It can vectorize, parallelize on the CPU, or offload to the GPU automatically.
It's a very mature project, maybe 10+ years old.
In particular, compare you JAX’s vmap — one model for vmap is that it is a program transformation on first order functions, that returns a first order function (“function” is a bit wonky here: but it’s JAX’s Jaxpr representation), but vmap itself is not a primitive in the Jaxpr language.
Is the same true here about map (can I think of it like vmap)? Or is it true that I can define higher order functions and Accelerate will handle them? What about functions with recursion?
Thanks! If you happen to see this - Futhark is very cool.
I'm not a Jax expert. Accelerate's 'map' allows for almost arbitrary sequential code - there is some fine print, because it's an embedded language, and the biggest fine print is that nested parallelism is not allowed. You can define your own Haskell-level higher order functions, and Accelerate will handle them just fine, because essentially all the Haskell-level computation is "compiled away" (by being run) before the Accelerate code is JIT-compiled at run-time. You can consider Haskell to be a meta-language in which you ultimately construct Accelerate program terms, and then those are compiled and run - not too dissimilar from how Jax does it, actually.
Recursion works, but for an uninteresting reason: the recursion is on the Haskell side, and will essentially be unrolled before Accelerate gets its hand on it. This allows you to do some fun things (like partially evaluating a ray tracer on its scene description), but it's often not what you want, and Accelerate provides some combinators (that look like higher-order Haskell functions) for expressing sequential looping.
Jokes aside, types should help a lot.
also, accelerate was first published to Hackage in 2009 though so it isn't an especially new thing.
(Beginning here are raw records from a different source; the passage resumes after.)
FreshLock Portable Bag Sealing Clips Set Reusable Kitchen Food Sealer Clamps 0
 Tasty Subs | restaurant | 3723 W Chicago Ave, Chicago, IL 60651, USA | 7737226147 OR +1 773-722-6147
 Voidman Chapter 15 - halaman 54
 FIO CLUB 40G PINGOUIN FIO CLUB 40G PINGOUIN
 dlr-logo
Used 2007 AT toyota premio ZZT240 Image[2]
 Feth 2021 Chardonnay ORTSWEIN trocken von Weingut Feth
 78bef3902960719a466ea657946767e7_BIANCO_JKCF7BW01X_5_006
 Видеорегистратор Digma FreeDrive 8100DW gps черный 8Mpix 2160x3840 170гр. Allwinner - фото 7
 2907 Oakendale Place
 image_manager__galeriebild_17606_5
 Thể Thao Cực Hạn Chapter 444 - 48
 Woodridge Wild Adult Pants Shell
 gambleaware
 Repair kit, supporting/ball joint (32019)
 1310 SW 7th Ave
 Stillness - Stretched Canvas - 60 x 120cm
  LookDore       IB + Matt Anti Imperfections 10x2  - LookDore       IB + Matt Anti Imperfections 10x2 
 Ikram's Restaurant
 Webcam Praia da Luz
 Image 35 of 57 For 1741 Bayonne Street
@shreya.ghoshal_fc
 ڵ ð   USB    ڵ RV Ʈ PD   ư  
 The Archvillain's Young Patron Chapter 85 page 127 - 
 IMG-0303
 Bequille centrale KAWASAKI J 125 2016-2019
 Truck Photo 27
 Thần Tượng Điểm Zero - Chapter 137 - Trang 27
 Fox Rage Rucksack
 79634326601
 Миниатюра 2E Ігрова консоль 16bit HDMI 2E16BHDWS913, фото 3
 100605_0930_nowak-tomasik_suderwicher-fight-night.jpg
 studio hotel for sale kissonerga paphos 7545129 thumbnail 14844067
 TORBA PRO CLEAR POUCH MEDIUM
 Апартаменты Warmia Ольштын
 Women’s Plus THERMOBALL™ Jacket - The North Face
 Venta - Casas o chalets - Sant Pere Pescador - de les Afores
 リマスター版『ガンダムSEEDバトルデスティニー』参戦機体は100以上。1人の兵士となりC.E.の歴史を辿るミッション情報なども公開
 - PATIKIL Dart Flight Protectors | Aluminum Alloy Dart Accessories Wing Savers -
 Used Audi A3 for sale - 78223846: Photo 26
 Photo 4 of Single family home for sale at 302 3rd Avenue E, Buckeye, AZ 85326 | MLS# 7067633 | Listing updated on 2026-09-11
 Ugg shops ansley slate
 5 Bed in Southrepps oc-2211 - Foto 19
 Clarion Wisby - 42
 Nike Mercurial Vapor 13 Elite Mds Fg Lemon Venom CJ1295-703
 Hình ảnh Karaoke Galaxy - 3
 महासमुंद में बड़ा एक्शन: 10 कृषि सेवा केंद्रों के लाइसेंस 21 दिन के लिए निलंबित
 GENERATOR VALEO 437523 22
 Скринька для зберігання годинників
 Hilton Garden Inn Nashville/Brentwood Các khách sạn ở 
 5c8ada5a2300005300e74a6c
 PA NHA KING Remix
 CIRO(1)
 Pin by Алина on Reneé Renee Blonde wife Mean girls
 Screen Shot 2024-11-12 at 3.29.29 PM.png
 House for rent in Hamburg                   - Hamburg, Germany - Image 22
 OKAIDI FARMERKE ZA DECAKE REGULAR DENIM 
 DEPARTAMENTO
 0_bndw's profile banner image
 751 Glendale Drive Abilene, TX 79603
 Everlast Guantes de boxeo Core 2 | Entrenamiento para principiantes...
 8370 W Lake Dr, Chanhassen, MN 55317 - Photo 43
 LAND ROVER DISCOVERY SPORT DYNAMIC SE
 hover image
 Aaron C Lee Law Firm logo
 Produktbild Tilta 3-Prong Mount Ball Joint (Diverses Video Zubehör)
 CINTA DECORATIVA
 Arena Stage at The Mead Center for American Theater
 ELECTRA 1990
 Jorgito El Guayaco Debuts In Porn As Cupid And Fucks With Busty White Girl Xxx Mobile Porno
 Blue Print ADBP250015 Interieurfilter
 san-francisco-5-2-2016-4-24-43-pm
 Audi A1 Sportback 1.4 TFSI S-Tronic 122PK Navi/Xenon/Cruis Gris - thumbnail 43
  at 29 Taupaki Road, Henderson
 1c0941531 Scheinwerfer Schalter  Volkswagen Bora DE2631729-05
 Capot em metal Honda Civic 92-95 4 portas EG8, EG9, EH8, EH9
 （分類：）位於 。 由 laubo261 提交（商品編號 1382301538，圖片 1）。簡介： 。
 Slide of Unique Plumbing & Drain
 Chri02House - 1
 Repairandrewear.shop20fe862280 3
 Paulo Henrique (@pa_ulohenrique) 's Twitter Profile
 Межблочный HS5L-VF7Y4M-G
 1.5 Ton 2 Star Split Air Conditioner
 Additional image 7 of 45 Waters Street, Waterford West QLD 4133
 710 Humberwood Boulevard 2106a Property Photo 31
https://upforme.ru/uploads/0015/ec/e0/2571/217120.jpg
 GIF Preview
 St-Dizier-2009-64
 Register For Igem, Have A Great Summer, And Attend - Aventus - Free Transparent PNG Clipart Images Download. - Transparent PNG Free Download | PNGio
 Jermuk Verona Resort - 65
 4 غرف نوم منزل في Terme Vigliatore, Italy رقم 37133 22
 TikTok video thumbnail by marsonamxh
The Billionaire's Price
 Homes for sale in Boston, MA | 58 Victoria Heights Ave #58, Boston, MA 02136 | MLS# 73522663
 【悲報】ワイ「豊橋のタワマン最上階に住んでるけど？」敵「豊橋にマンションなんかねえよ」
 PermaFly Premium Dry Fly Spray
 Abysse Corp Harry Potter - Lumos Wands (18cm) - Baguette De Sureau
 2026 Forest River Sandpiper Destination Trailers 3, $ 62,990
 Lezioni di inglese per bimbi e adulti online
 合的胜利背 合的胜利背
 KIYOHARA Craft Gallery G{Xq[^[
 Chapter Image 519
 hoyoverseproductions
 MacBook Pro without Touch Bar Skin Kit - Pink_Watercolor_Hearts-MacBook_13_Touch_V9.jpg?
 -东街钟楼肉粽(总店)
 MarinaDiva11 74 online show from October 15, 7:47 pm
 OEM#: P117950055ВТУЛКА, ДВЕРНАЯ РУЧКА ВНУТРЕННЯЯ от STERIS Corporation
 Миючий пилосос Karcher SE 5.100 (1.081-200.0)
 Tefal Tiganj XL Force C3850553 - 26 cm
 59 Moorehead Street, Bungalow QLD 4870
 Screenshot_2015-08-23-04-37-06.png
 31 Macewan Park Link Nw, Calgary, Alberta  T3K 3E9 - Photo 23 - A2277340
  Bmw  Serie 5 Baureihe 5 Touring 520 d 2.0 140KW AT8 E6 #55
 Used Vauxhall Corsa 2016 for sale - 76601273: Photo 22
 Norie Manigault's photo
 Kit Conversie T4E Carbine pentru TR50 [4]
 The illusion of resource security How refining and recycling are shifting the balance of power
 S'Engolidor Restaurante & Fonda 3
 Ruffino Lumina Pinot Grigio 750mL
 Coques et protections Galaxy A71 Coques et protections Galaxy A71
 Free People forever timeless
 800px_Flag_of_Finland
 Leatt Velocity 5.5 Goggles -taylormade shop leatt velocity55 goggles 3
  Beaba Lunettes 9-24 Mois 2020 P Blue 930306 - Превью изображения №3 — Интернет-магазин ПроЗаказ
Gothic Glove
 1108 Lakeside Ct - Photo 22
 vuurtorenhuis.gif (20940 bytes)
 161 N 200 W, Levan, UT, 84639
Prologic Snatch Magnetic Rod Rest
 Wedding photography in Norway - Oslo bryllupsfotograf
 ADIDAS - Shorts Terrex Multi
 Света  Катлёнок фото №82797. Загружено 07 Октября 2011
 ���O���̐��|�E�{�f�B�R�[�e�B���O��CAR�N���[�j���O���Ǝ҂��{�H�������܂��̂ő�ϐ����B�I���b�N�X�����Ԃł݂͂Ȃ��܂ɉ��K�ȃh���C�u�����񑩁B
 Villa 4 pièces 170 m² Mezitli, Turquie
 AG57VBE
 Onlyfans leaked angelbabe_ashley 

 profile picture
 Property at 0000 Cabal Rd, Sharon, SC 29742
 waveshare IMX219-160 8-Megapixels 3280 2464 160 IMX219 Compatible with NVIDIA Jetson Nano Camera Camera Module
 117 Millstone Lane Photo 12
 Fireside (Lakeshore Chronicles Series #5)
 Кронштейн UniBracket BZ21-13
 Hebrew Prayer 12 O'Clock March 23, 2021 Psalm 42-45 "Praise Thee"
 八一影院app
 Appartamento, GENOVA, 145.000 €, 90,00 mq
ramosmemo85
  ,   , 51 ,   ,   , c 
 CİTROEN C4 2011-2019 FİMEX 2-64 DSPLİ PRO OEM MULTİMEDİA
I'd go so far as to say that any submission with a title that is less three words should get automatically binned, and posts to software projects should be required to explain in the title what the software is/does.
Is it just me or is this post also clearly vote-manipulated? Either that or a lot of NumPy people are hanging around on HN early on a Saturday morning.
/s
Overlaps in naming happen, especially when we all want to choose simple and catchy words like "Accelerate."